Task directions:
The result should be the lines from the one holding "Hướng dẫn an" to the final line of the records below, repeated exactly and with no pictures.

Records to use:
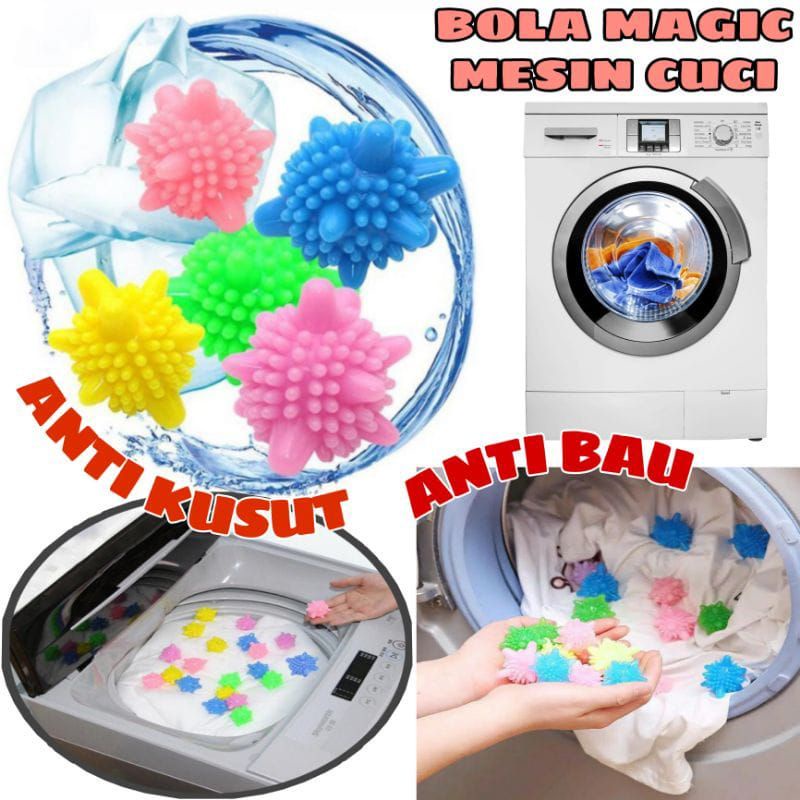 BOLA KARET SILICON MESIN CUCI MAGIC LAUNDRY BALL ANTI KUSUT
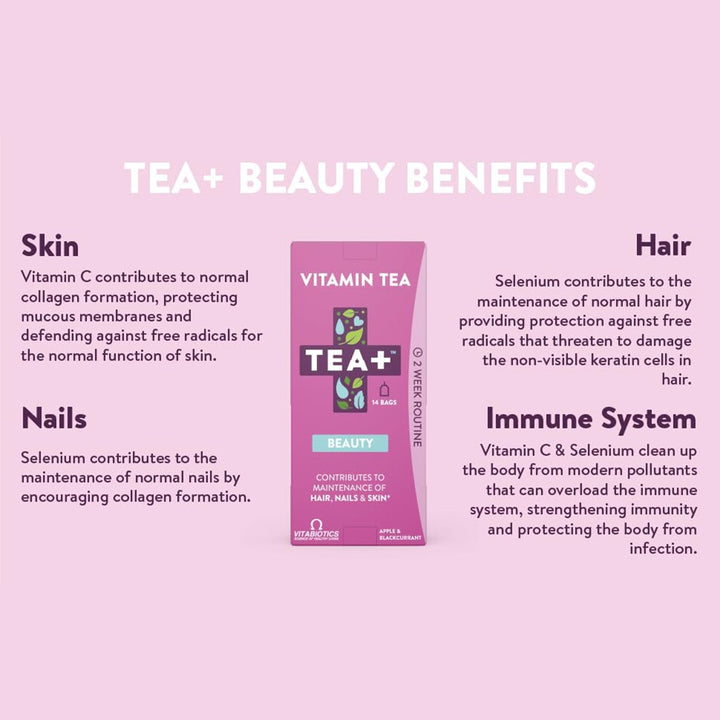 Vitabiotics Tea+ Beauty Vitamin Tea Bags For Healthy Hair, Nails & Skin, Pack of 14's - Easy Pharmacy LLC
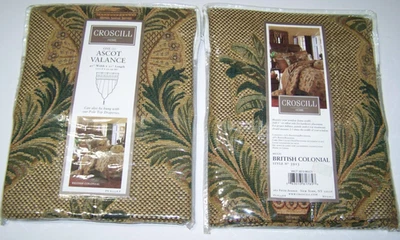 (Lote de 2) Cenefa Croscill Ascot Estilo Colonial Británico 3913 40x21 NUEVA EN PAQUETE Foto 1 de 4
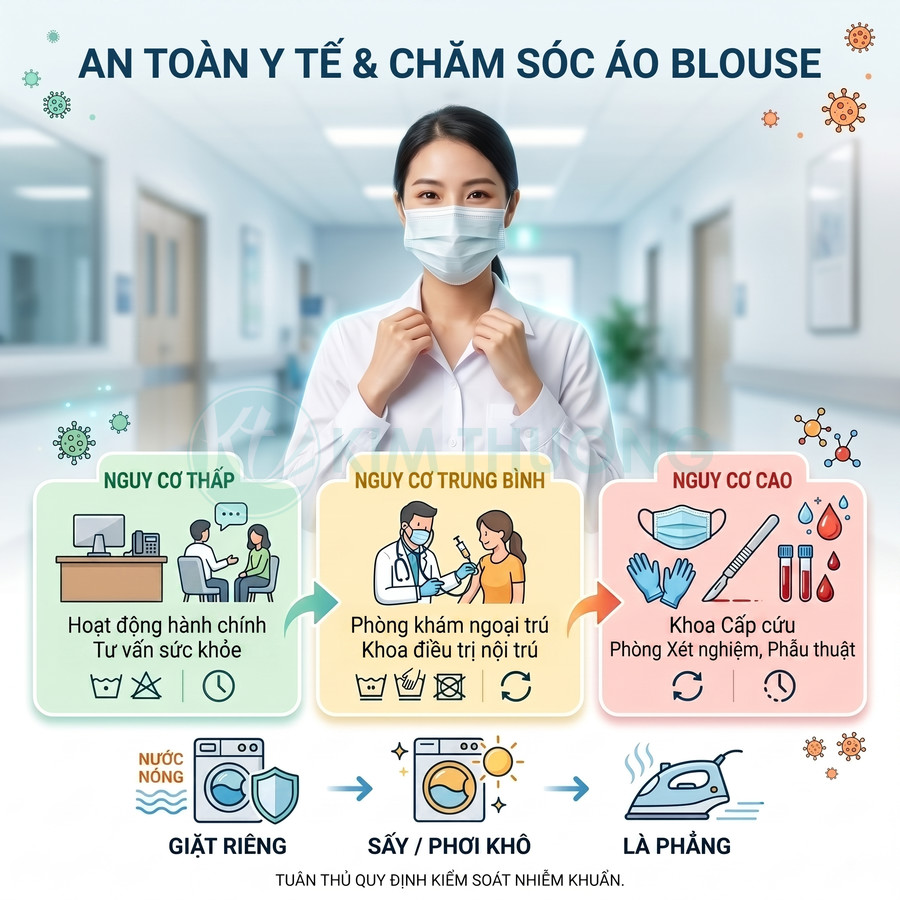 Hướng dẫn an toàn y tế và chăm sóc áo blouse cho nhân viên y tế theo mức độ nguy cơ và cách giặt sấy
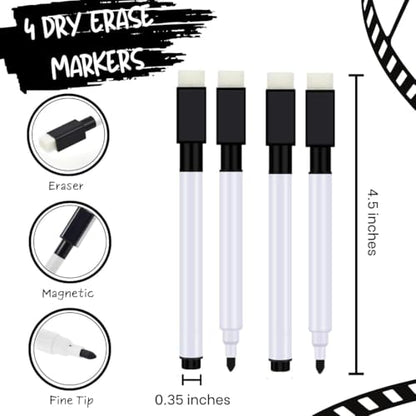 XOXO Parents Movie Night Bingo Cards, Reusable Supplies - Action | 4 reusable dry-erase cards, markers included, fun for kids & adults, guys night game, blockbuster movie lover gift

Result of the task:
 Hướng dẫn an toàn y tế và chăm sóc áo blouse cho nhân viên y tế theo mức độ nguy cơ và cách giặt sấy
 XOXO Parents Movie Night Bingo Cards, Reusable Supplies - Action | 4 reusable dry-erase cards, markers included, fun for kids & adults, guys night game, blockbuster movie lover gift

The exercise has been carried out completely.